Konflik dengan Perusahaan Makam Mewah, Masyarakat di Deli Serdang Lapor ke Ombudsman
Puluhan warga Desa Rambung Baru, Deli Serdang, melaporkan dugaan malaadministrasi ke Ombudsman Sumut atas penanganan konflik agraria yang mereka hadapi. Lahan warga diduga diserobot perusahaan penyedia permakaman mewah.
Oleh
NIKSON SINAGA
·3 menit baca
MEDAN, KOMPAS — Puluhan warga Desa Rambung Baru, Kecamatan Sibolangit, Kabupaten Deli Serdang, Sumatera Utara, melaporkan dugaan malaadministrasi ke Ombudsman RI Perwakilan Sumut atas penanganan konflik agraria. Warga menyebut, lahan mereka diserobot perusahaan penyedia permakaman mewah.
”Kami sudah turun-temurun mengelola lahan kami di Desa Rambung Baru. Kami juga mempunyai alas hak berupa surat keputusan camat dan surat keputusan kepala desa. Namun, sejak 2015, lahan kami diambil oleh PT NMN untuk dimanfaatkan sebagai permakaman mewah,” kata Tenang Tarigan (50), di kantor Ombudsman RI Perwakilan Sumut, Medan, Rabu (31/8/2022).
Tenang mengatakan, warga melaporkan dugaan malaadministrasi yang dilakukan Kantor Pertanahan Deli Serdang atas penerbitan sertifikat hak guna bangunan (SHGB) yang dinilai tidak sesuai prosedur. Mereka juga melaporkan Polda Sumut karena tidak memproses laporan warga atas dugaan penyerobotan lahan sejak 2018.

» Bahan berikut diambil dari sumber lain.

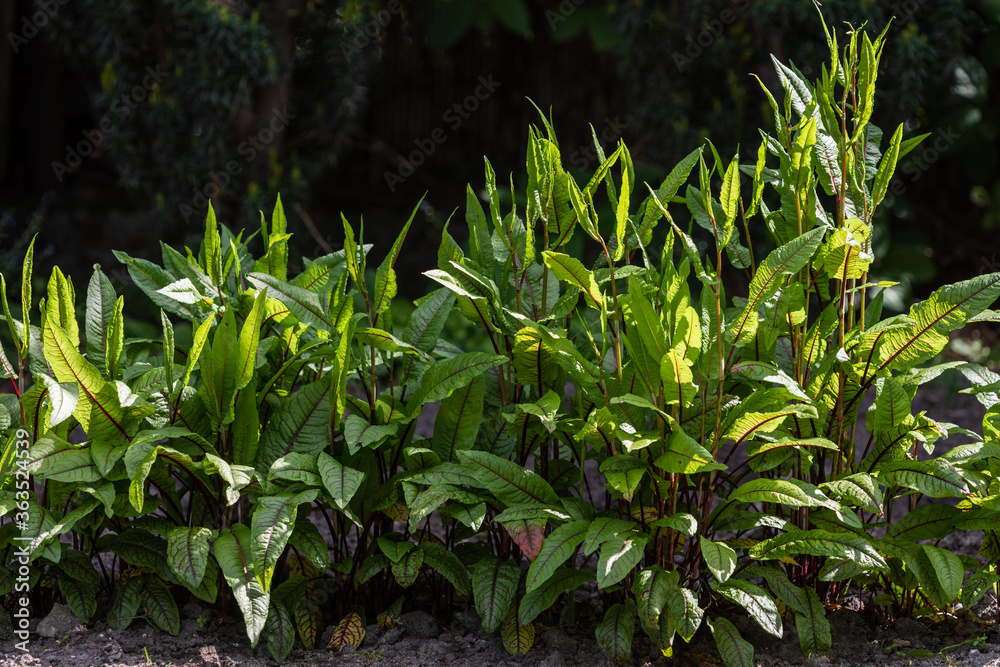 Obraz premium Bloody dock (Rumex sanguineus) plant in home garden. Bushy green leaves with red veins. Own vegetables.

Menurut Tenang, konflik lahan antara masyarakat dan PT NMN terjadi sejak perusahaan itu masuk ke desa mereka pada 2015. Ketika itu, PT NMN mendapat SHGB dari Kantor Pertanahan Deli Serdang dengan luas lahan 75 hektar. ”Namun, sebanyak 20 hektar di antaranya masih dikuasai lima orang warga desa kami,” kata Tenang.
Tenang mengatakan, PT NMN mendapat SHGB berdasarkan 63 akta jual-beli. Namun, warga menyebut tidak mengenal 63 orang yang melakukan jual-beli tanah dengan PT NMN itu. ”Mereka bukan warga desa kami. Kami tidak mengenal nama-nama yang melakukan jual beli dengan PT NMN itu,” kata Tenang.
Tenang mengatakan, PT NMN menggugat secara perdata lima orang warga yang menguasai 20 hektar lahan sengketa itu. Gugatan perusahaan itu menang di tingkat pertama dan banding. ”Saat ini, kami menunggu putusan kasasi,” kata Tenang.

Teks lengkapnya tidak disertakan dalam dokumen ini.